The first Rugby World Cup, initially suggested by the Australian Rugby Union and the New Zealand Football Union in separate submissions to the International Rugby Board, was held in 1987.

The inaugural Rugby World Cup was held in Australia and New Zealand in May and June, 1987, with teams from 16 countries competing. New Zealand won the inaugural Rugby World Cup.

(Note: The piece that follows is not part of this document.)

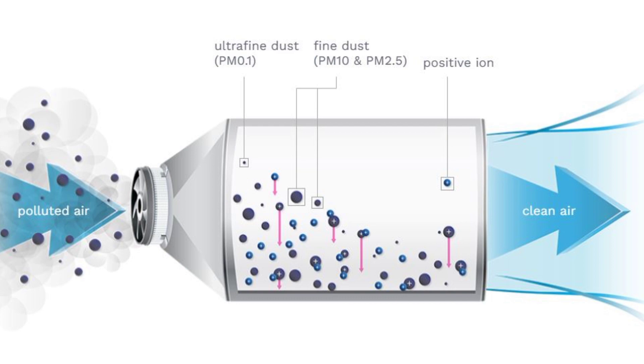The dust particles are supplied with a positive charge. As a result, these particles move to the negative surface — the collector peg. Once the dust particles are split, they stick to the surface. The small particles on the plate stick to each other and turn into coarse particles. Clean air then leaves the system.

Attendance at the 1987 games was 600,000. By the 1999 Rugby World Cup attendance had reached 1.75 million.

Expanded entry

In 1999, the fourth Rugby World Cup had an expanded entry of 20 teams, qualifying through 133 matches worldwide from an original entry of 65 unions.

Two wins each

New Zealand (1987, 2011), Australia (1991, 1999) and South Africa (1995, 2007) have won two Rugby World Cups each.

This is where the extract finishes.